[DATA RECORDS Boundary: Start]

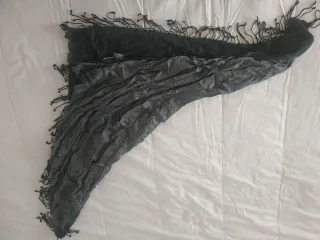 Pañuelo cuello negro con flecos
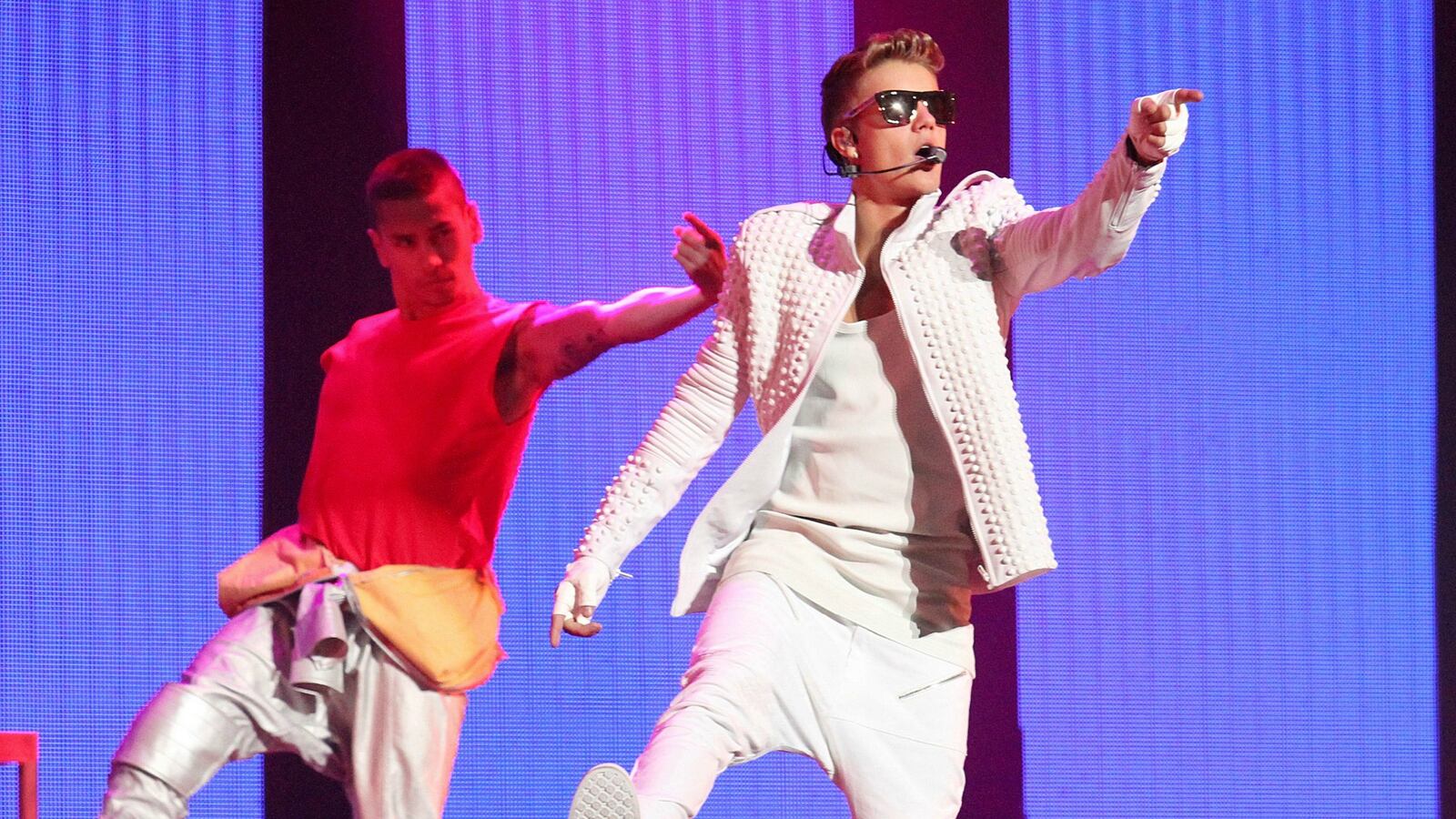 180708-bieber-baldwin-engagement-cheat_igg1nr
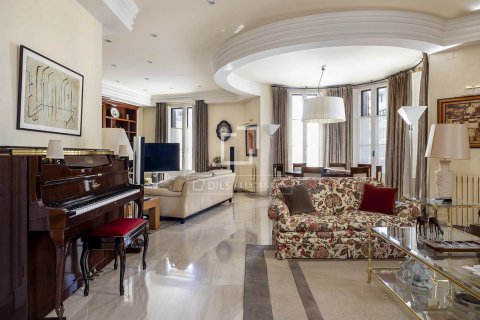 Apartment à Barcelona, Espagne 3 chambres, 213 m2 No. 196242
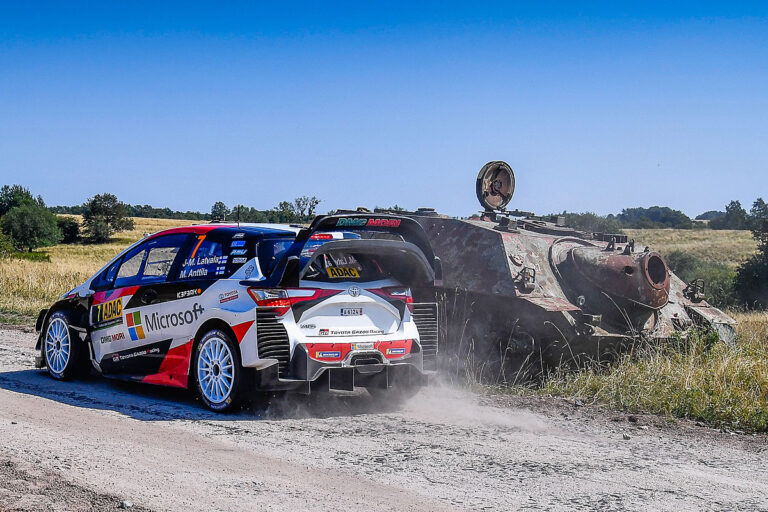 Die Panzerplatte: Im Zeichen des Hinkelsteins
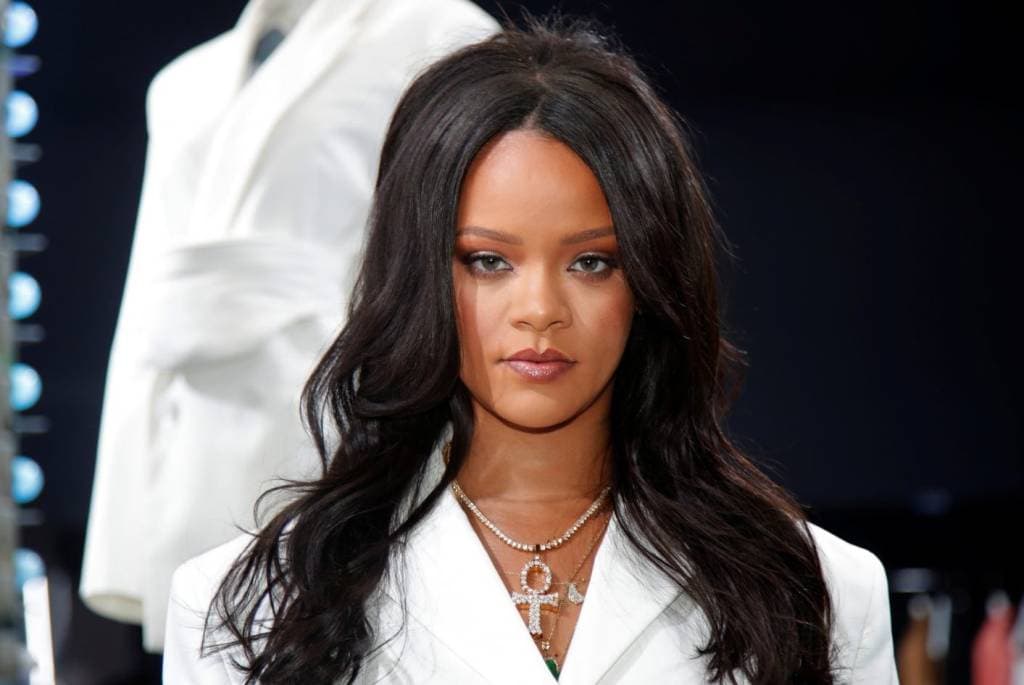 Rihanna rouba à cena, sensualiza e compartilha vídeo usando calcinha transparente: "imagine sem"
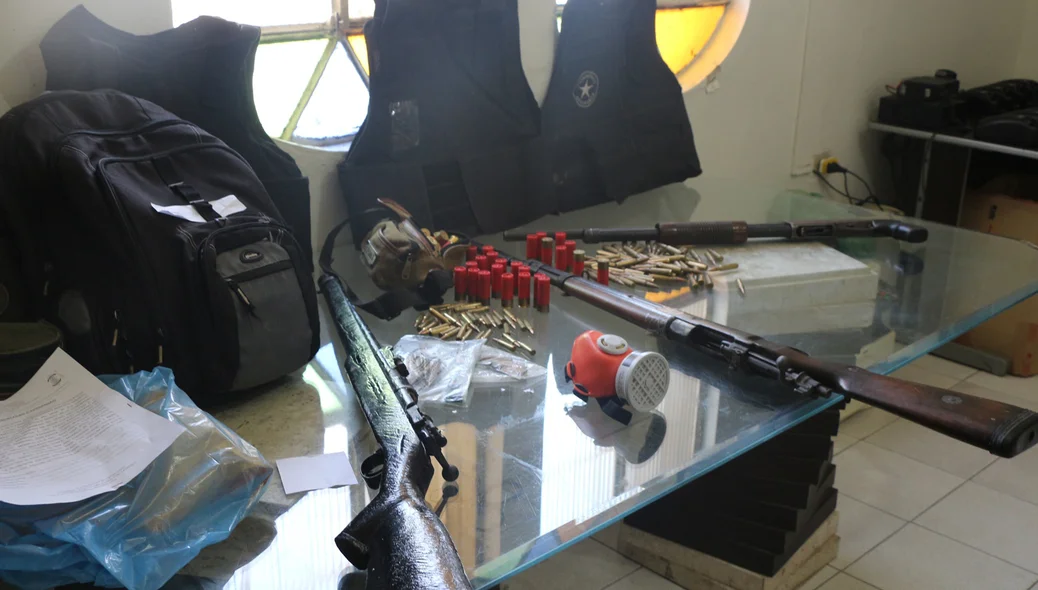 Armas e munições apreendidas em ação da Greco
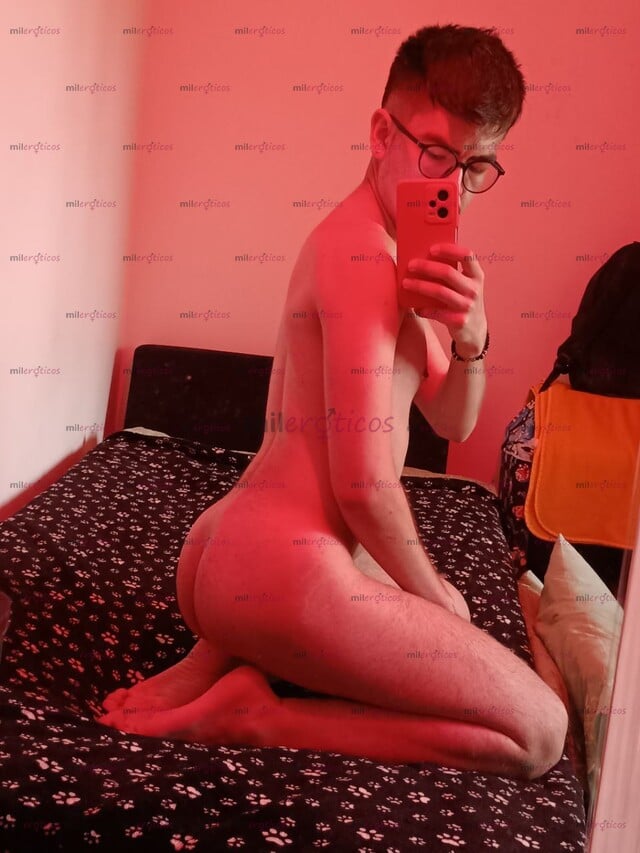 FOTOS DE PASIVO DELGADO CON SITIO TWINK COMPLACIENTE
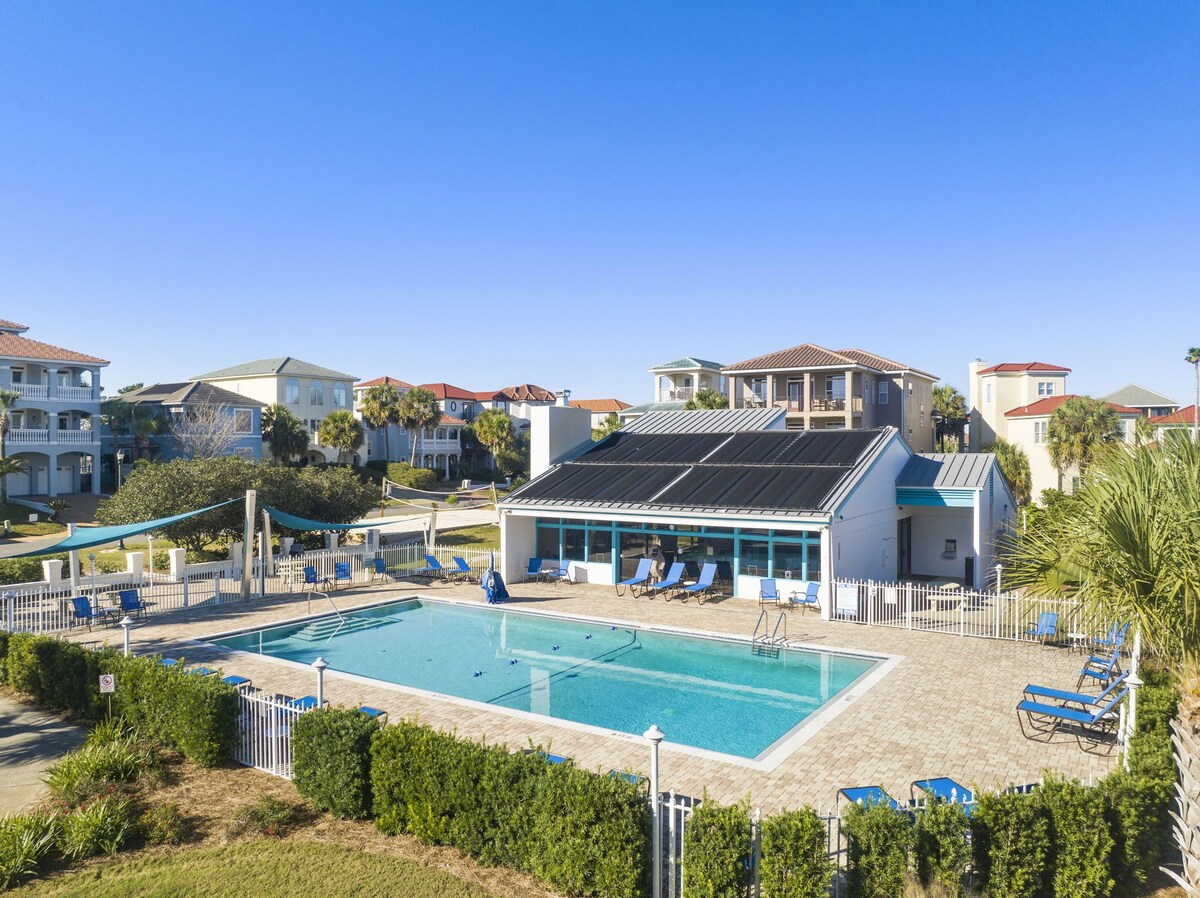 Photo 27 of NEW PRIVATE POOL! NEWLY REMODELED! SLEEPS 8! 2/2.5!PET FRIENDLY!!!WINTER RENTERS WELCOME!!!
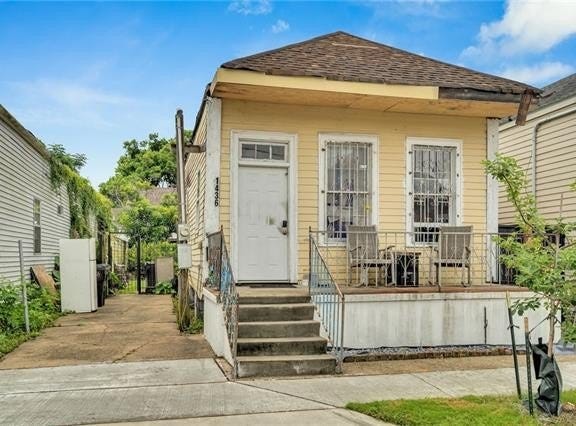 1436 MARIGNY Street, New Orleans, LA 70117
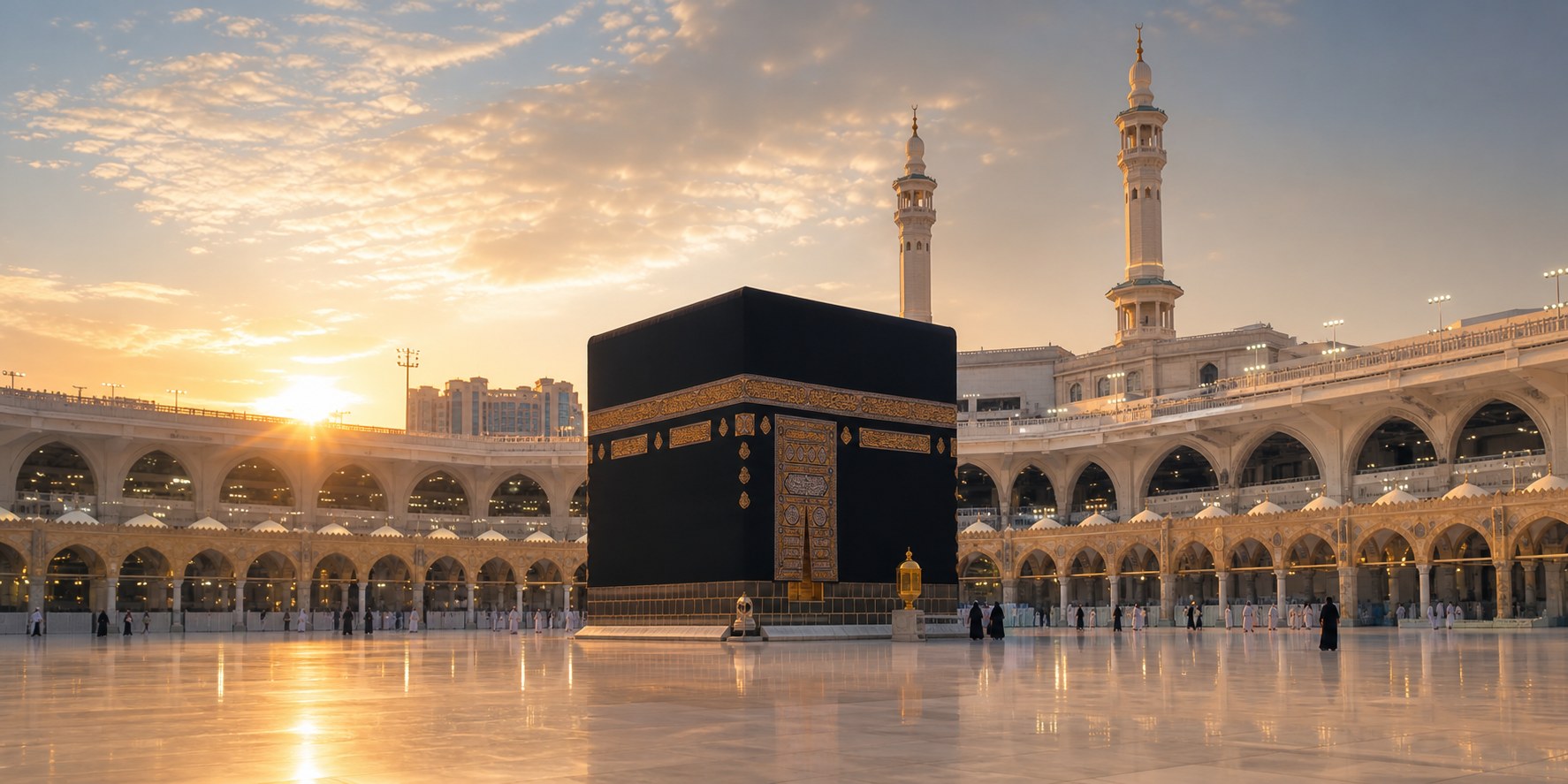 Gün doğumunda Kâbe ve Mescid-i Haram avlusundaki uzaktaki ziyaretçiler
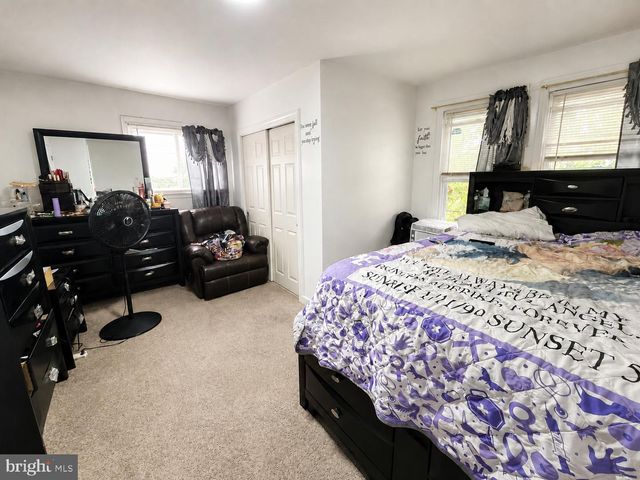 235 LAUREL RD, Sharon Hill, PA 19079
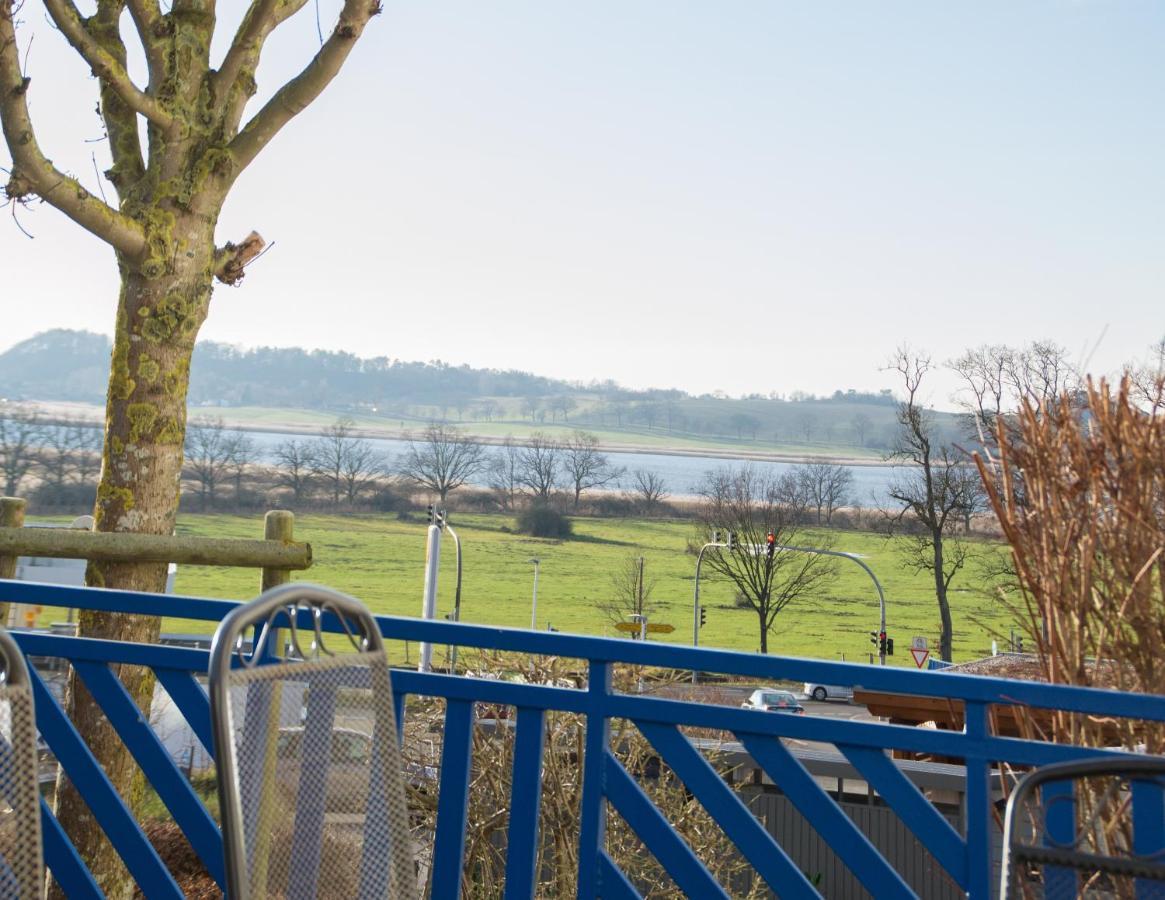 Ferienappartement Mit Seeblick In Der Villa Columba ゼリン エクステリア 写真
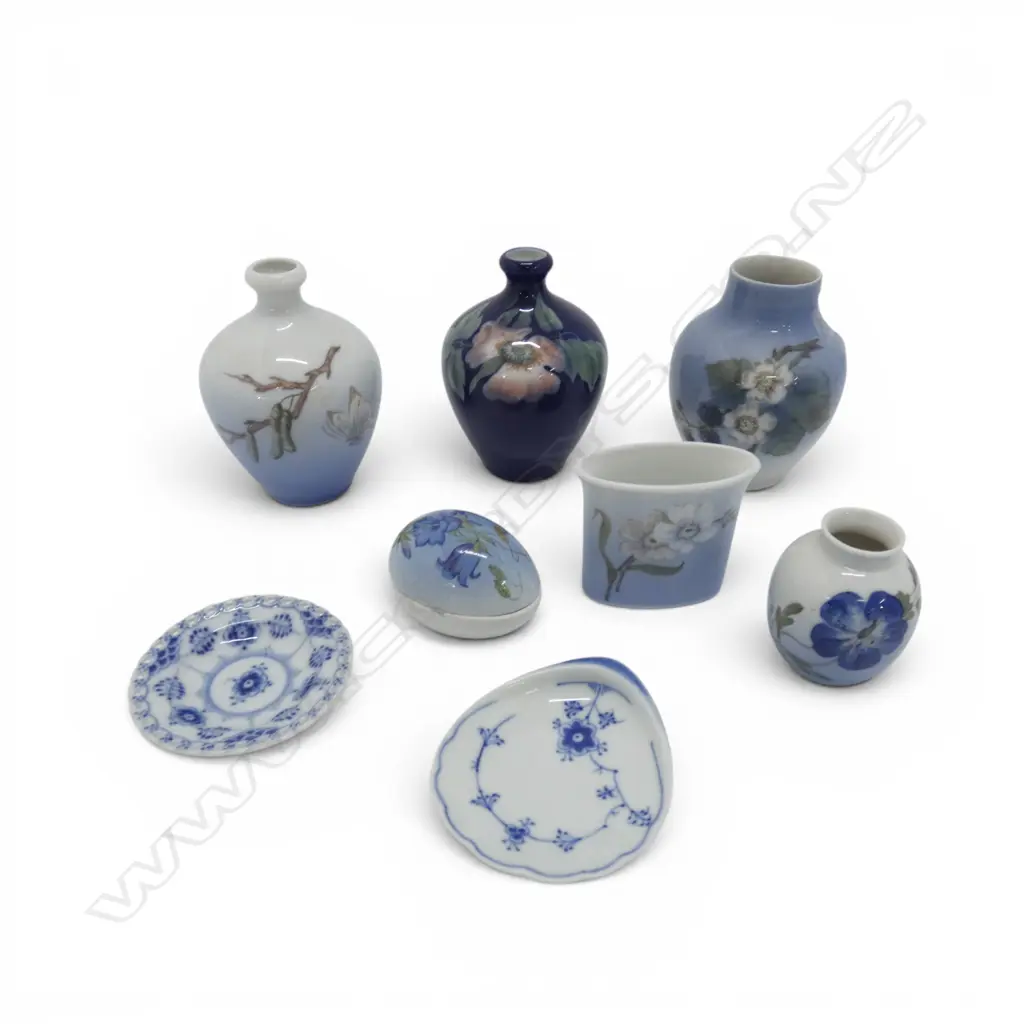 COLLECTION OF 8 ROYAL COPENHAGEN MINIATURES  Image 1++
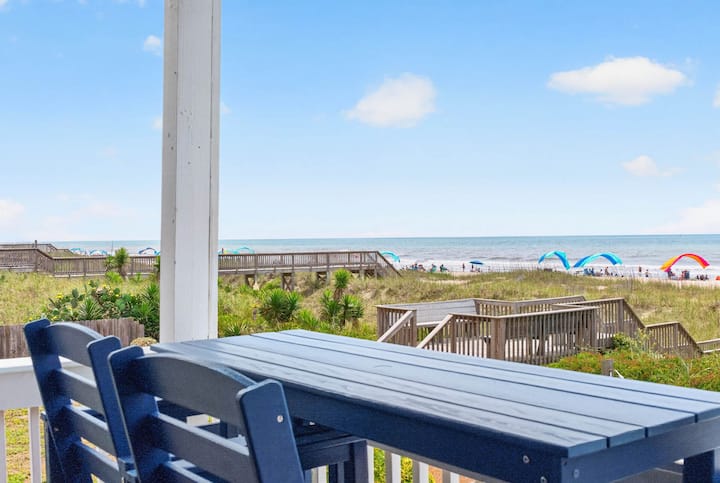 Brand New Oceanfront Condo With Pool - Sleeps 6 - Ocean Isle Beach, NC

[DATA RECORDS Boundary: End]

| TASK PROMPT |
Repeat the records in full and exactly, leaving every picture out.

| YOUR RESPONSE |
 Pañuelo cuello negro con flecos
 180708-bieber-baldwin-engagement-cheat_igg1nr
 Apartment à Barcelona, Espagne 3 chambres, 213 m2 No. 196242
 Die Panzerplatte: Im Zeichen des Hinkelsteins
 Rihanna rouba à cena, sensualiza e compartilha vídeo usando calcinha transparente: "imagine sem"
 Armas e munições apreendidas em ação da Greco
 FOTOS DE PASIVO DELGADO CON SITIO TWINK COMPLACIENTE
 Photo 27 of NEW PRIVATE POOL! NEWLY REMODELED! SLEEPS 8! 2/2.5!PET FRIENDLY!!!WINTER RENTERS WELCOME!!!
 1436 MARIGNY Street, New Orleans, LA 70117
 Gün doğumunda Kâbe ve Mescid-i Haram avlusundaki uzaktaki ziyaretçiler
 235 LAUREL RD, Sharon Hill, PA 19079
 Ferienappartement Mit Seeblick In Der Villa Columba ゼリン エクステリア 写真
 COLLECTION OF 8 ROYAL COPENHAGEN MINIATURES  Image 1++
 Brand New Oceanfront Condo With Pool - Sleeps 6 - Ocean Isle Beach, NC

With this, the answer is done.